Airbnb CEO “has mucked it all up”

Airbnb has reportedly taken a $1.5 billion hit in the COVID-19 pandemic. Embattled CEO, Brian Chesky, is reported to be living with his mum again, bemoaning, “it felt like everything was breaking at once”.

Perhaps the short-stay behemoth’s financial predicament prompted a sudden awakening in the uncharacteristically morose Mr Chesky, who mused wistfully about regressing Airbnb to its genesis as a couch-surfing platform.

In an interview published by The Sunday Times this month, the Airbnb CEO was reported as saying, “We grew so fast, we made mistakes. We drifted. We really need to think through our impact on cities and communities.”

Chesky was further quoted as saying the COVID-19 pandemic is “a reset for everything and everyone. Airbnb needs to change. We need to go back to basics - to what really made us successful in the first place.”

Sadly, this illuminating insight is unlikely to reset Airbnb’s moral compass.

High-rise apartments “vertical cruise ships”

Julian Rait OAM, president of the Australian Medical Association Victoria, has described how COVID-19 can spread easily through high-rise towers and apartment blocks.

This enormous epidemiological risk has given rise to the expression “vertical cruise ships of pandemics”.

Recalcitrant short-stay operators are therefore compromising the safety of residential buildings by continuing to advertise during the Stage 4 lockdown.

Most commercial short-stay operators have closed shop, with many apartments reverting back to long-term leases or have been sold; with residents in many high-rise strata communities throughout Melbourne rediscovering the “quiet enjoyment” of their homes.

Just a few diehard rogue operators are flagrantly breaching COVID-19 restrictions that are arguably the most important safety protections that high-rise buildings could have.

The government has said it is working on this loophole and we are impatiently awaiting meaningful action.
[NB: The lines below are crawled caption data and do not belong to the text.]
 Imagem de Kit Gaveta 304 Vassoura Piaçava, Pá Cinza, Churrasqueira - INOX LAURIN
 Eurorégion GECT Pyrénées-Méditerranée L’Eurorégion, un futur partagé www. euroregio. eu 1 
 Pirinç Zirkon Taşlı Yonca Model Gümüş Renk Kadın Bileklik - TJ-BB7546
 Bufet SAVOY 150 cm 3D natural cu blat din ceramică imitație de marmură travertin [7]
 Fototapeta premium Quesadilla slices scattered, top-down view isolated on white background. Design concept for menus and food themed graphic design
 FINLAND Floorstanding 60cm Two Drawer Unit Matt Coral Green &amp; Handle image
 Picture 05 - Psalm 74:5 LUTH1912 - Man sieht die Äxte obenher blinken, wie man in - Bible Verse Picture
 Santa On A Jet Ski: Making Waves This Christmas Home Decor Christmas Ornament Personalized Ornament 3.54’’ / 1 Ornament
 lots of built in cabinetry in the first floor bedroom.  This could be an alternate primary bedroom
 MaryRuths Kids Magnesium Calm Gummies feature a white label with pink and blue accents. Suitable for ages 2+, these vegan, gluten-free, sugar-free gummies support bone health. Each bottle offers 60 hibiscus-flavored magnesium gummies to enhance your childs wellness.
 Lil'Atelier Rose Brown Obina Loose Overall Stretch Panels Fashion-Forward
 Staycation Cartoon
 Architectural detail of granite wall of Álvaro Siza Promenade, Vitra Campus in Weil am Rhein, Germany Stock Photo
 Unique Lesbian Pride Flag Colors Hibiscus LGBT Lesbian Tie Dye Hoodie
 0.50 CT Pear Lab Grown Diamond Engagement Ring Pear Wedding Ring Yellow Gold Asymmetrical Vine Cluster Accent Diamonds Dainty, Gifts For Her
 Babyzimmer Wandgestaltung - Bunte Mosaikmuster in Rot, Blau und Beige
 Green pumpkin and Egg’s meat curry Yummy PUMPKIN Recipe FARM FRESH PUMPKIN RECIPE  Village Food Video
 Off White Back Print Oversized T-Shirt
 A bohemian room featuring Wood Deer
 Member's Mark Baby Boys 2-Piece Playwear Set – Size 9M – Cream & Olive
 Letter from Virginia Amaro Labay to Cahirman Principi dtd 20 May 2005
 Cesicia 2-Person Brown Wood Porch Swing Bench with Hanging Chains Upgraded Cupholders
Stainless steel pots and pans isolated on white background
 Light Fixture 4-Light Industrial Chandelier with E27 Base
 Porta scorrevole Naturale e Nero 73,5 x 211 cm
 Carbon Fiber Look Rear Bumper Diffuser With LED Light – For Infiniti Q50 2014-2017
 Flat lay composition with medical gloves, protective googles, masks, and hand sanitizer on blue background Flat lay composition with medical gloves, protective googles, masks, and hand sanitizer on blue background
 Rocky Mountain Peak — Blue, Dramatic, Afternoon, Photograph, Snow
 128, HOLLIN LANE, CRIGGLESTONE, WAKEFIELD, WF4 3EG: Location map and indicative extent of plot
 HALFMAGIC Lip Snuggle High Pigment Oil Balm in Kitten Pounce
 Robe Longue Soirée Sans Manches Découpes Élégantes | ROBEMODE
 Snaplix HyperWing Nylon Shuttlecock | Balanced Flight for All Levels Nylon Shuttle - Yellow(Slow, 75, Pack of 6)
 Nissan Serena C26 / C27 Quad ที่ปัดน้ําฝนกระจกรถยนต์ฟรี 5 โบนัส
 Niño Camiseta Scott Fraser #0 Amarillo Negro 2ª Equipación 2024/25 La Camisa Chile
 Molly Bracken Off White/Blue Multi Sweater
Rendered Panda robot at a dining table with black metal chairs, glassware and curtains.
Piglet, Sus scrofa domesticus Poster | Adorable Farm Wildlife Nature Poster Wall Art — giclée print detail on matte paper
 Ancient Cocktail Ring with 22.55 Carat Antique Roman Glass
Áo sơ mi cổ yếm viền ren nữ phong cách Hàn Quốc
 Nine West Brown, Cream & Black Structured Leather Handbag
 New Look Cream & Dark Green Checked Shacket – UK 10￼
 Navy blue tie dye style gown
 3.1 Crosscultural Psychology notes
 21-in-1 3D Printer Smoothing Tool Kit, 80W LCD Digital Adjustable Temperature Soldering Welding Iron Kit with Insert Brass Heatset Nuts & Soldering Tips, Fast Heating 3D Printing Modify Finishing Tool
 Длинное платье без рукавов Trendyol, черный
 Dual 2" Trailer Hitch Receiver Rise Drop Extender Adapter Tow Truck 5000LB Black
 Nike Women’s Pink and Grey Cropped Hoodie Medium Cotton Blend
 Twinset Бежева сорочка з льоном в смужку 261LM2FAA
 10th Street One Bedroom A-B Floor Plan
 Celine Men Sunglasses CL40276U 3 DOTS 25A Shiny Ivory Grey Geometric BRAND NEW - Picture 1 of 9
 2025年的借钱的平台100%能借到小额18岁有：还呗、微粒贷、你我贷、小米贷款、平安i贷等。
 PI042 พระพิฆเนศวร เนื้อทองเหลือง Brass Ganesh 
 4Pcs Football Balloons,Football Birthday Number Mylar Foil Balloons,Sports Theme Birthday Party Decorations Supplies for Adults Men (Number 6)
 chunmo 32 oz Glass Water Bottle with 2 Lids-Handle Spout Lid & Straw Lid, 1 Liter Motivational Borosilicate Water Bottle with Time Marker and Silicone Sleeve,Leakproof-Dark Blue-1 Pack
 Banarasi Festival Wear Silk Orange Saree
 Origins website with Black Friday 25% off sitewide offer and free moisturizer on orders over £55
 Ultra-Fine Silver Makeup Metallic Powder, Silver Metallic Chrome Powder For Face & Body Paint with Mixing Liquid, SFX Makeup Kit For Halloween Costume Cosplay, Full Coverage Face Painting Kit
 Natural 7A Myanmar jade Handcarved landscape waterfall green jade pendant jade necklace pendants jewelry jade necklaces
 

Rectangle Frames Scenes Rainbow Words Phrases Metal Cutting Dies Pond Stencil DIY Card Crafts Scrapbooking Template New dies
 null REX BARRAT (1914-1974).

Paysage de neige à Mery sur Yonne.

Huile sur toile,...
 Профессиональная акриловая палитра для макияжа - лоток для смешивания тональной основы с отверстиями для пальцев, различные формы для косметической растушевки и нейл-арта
If you see any illegal short-stay activity in your apartment building, report it immediately to the Police Assistance Line on 131 444 or online at onlinereporting.police.vic.gov.au

You can also contact We Live Here if you require any advice or assistance.

Short-stays will endanger the COVID-19 recovery phase

It has become axiomatic that there will be a “new normal” following the lifting of Stage 4 lockdown restrictions.

Undoubtedly, the putative new normal will not be able to accommodate the return of commercial short-stay operations in high-rise residential buildings.

In this pandemic-afflicted era, common areas and compact spaces in busy lifts are simply incompatible with a high-volume turnover of “guests” in whole-apartment short-stays.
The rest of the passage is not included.